__Exercise goal__
Your job is to retype all of the data word for word, leaving every image out.
*** Provided data Section Begins ***
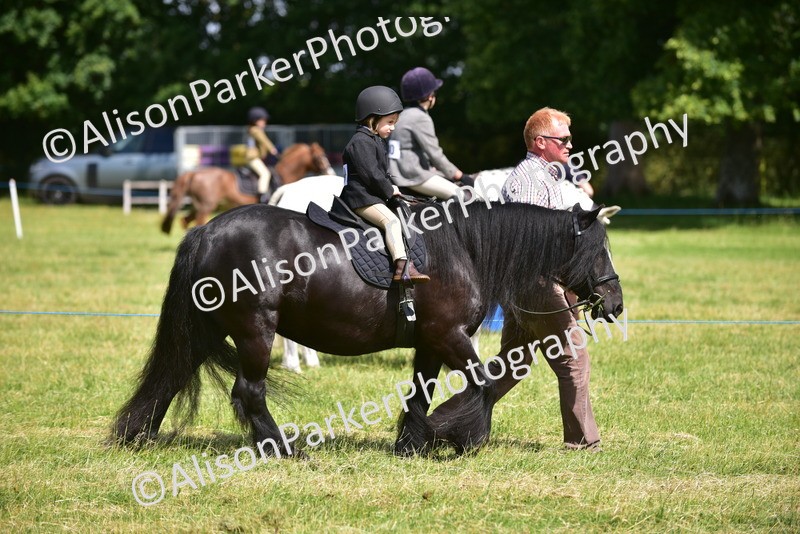 20260614-1157 - Class 11a - Lead Rein Pony (Unplaited)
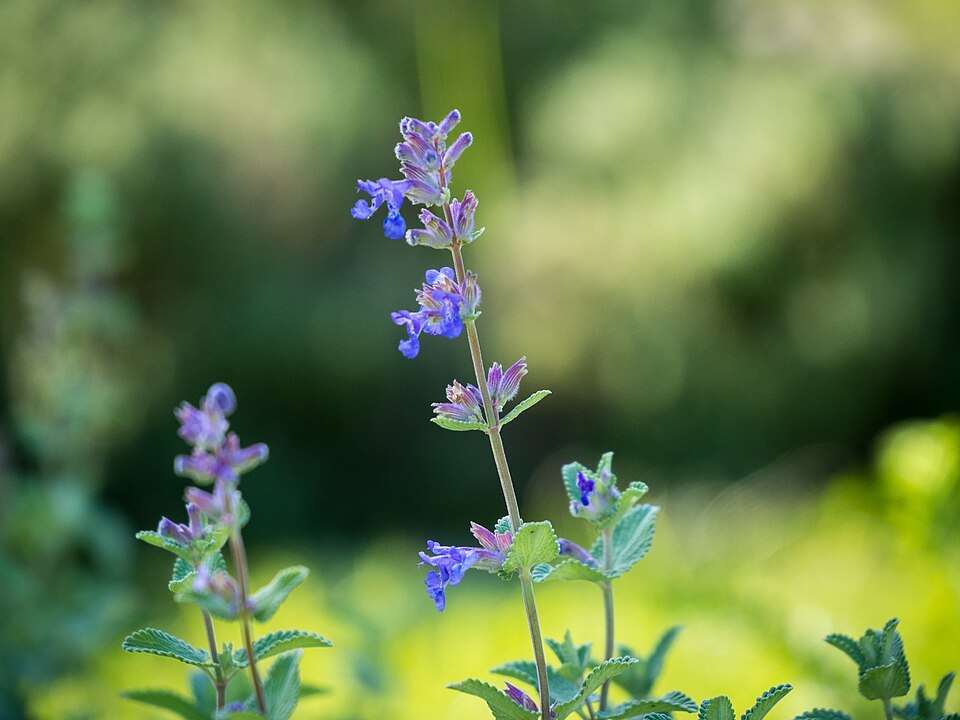 Nepeta (catmints) (alternate view 11)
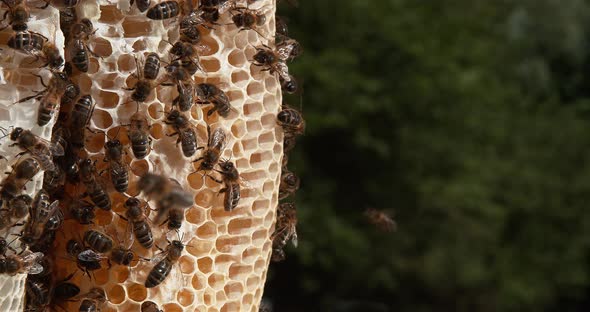 |European Honey Bee, apis mellifera, Black Bees on a wild Ray, Bee Hive in Normandy, Time Lapse 4K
*** Provided data Section Ends ***
__Response box__
 20260614-1157 - Class 11a - Lead Rein Pony (Unplaited)
 Nepeta (catmints) (alternate view 11)
 |European Honey Bee, apis mellifera, Black Bees on a wild Ray, Bee Hive in Normandy, Time Lapse 4K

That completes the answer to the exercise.